── DATA SHOWN

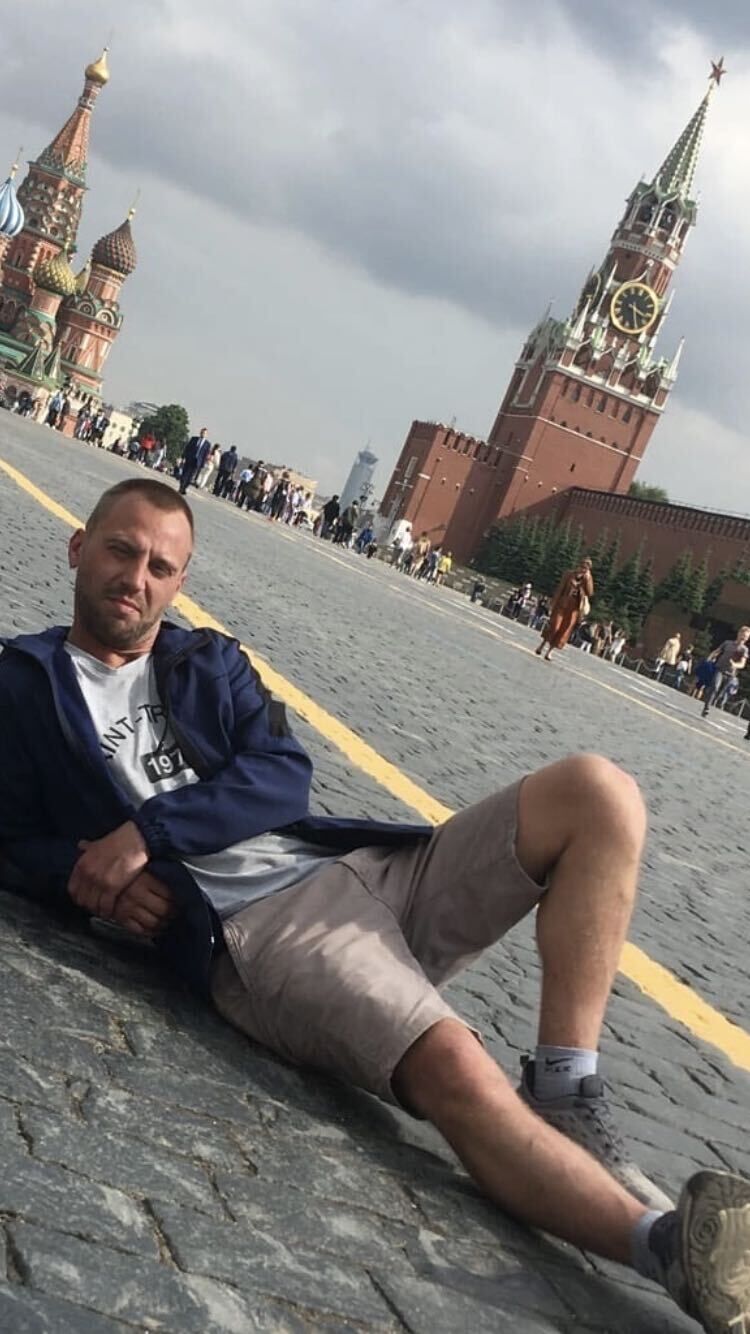 ���� 30855447 ������� ����, 39 ���, ���� ���������� � ��������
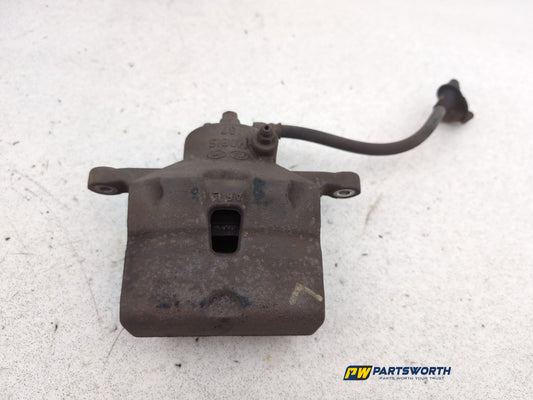 Brake Caliper Front LH 1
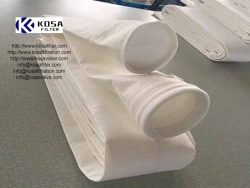 High Flow Filter 929 Filter bag,dust bag,filter housing,filter vessel,air filter,filter cloth,Ko ...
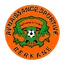 Logo Renaissance Berkane
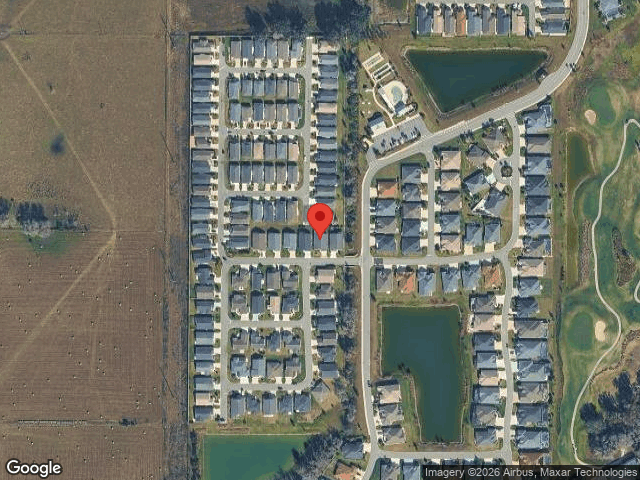 3786 stephanie way, the villages,  FL 33521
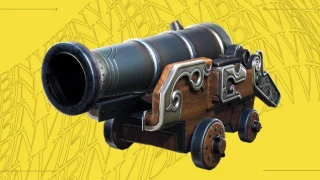 Fortnite : MàJ 21.40, patch notes et détails de la mise à jour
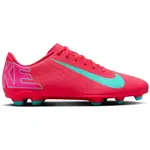 Nike MERCURIAL VAPOR 16 CLUB FG/MG Pánské kopačky, červená, velikost 40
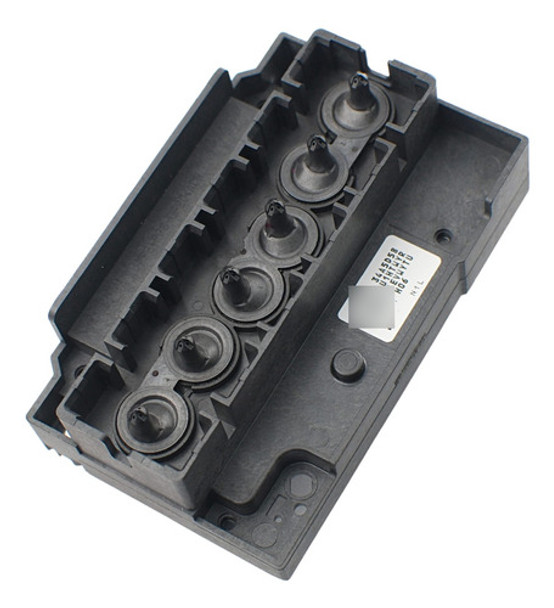 Cabezal De Impresion Compatible Con La Impresora L1800 L1390 0 Cabezal De Impresion Compatible Con La Impresora L1800 L1390 0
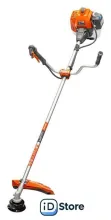 Триммер ELAND H-531 Industrial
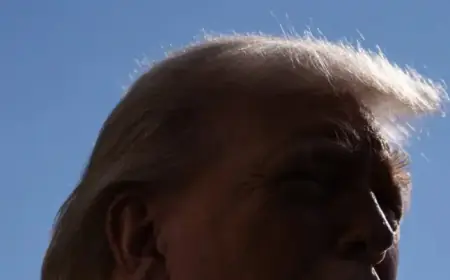 Munich: Lawmakers Acknowledge Lasting Impact of Trump’s Greenland Proposal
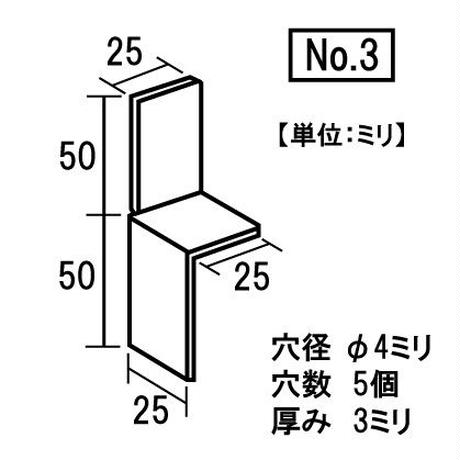 5c80c6a0e0c02265d02ec802
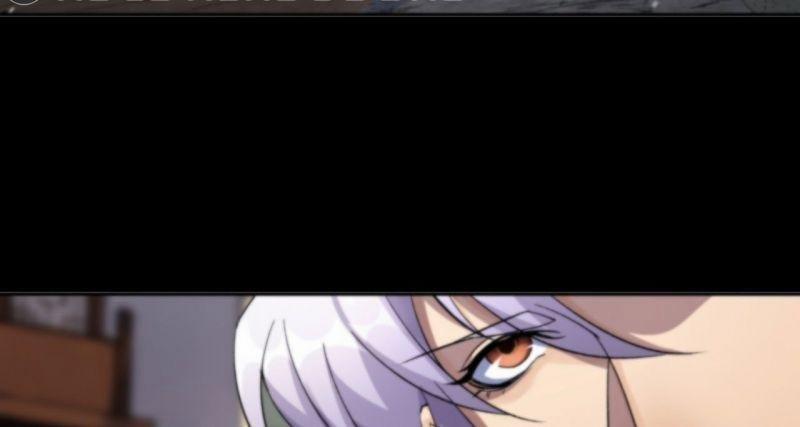 Thông U Đại Thánh 12 trang 32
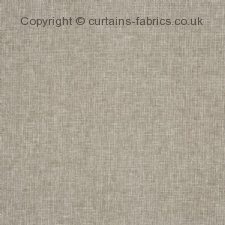 WAFFLE 4001 NEW DESIGN fabric by PRESTIGIOUS TEXTILES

────

Leaving the pictures aside, write out only the lines from the one containing "3786 stephanie way, the" through the end of the material, exactly as they stand.

 3786 stephanie way, the villages,  FL 33521
 Fortnite : MàJ 21.40, patch notes et détails de la mise à jour
 Nike MERCURIAL VAPOR 16 CLUB FG/MG Pánské kopačky, červená, velikost 40
 Cabezal De Impresion Compatible Con La Impresora L1800 L1390 0 Cabezal De Impresion Compatible Con La Impresora L1800 L1390 0
 Триммер ELAND H-531 Industrial
 Munich: Lawmakers Acknowledge Lasting Impact of Trump’s Greenland Proposal
 5c80c6a0e0c02265d02ec802
 Thông U Đại Thánh 12 trang 32
 WAFFLE 4001 NEW DESIGN fabric by PRESTIGIOUS TEXTILES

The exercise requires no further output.